The book Woes of the True Policeman was published posthumously in 2011 (originally in Spanish as Los sinsabores del verdadero policía) and serves as a companion to Robert Bolaño’s magnum opus 2666 (published in Spanish 2004), his last novel that was published during his lifetime.
This book’s storyline is reminiscent of 2666 wherein it shares the same protagonist, Oscar Amalfitano, a Chilean philosophy professor. The two books share more similarities and variations to the plot and to the other characters.

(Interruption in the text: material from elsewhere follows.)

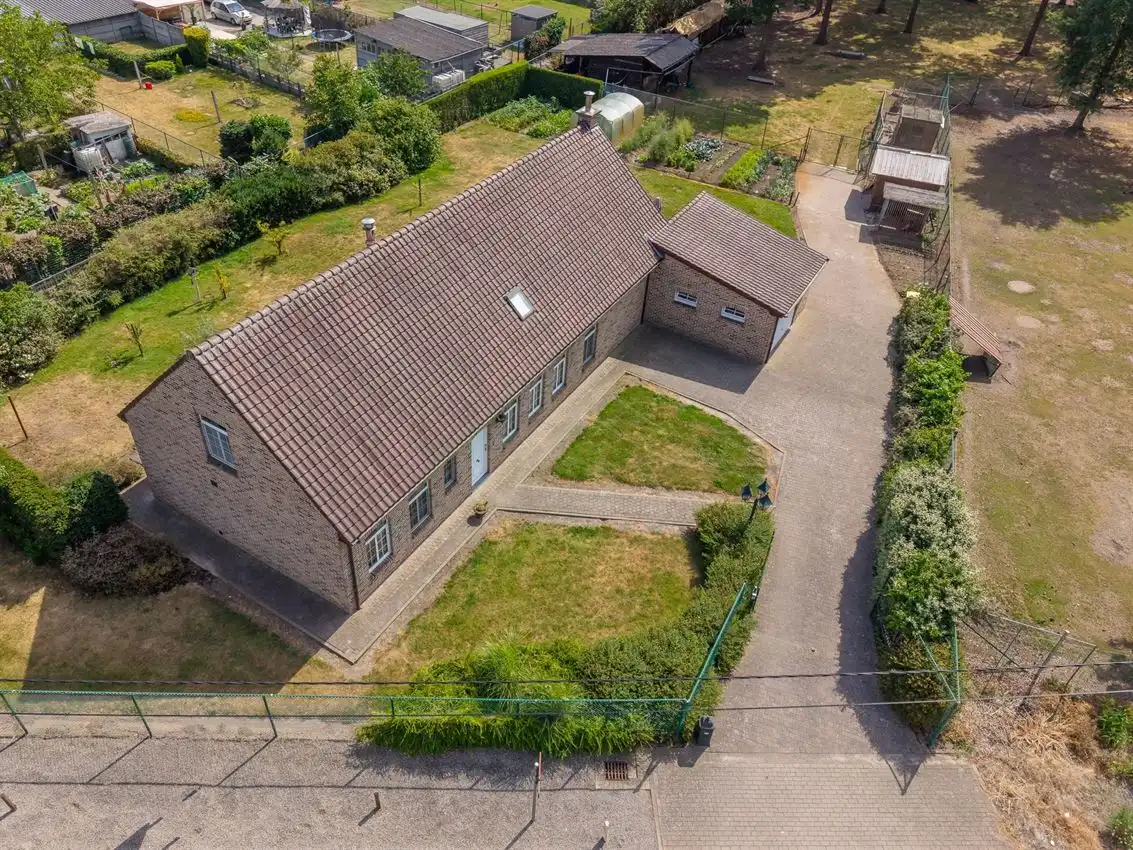 Landelijk wonen op uitzonderlijk perceel van 1ha50a met volop ruimte, privacy en mogelijkheden foto 38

Woes of the True Policeman (2012) looks like a collection of source materials to what would eventually become 2666—with plotlines and thematic arcs that were later improved—including the fictitious Santa Teresa at the border of Mexico where a group of policemen tries to solve mysterious killings of female factory workers.
Memorable Quotes
According to Padilla, remembered Amalfitano, all literature could be classified as heterosexual, homosexual, or bisexual. Novels, in general, were heterosexual. Poetry, on the other hand, was completely homosexual. Within the vast ocean of poetry he identified various currents: faggots, queers, sissies, freaks, butches, fairies, nymphs, and philenes. But the two major currents were faggots and queers. Walt Whitman, for example, was a faggot poet. Pablo Neruda, a queer. William Blake was definitely a faggot. Octavio Paz was a queer. Borges was a philene, or in other words he might be a faggot one minute and simply asexual the next.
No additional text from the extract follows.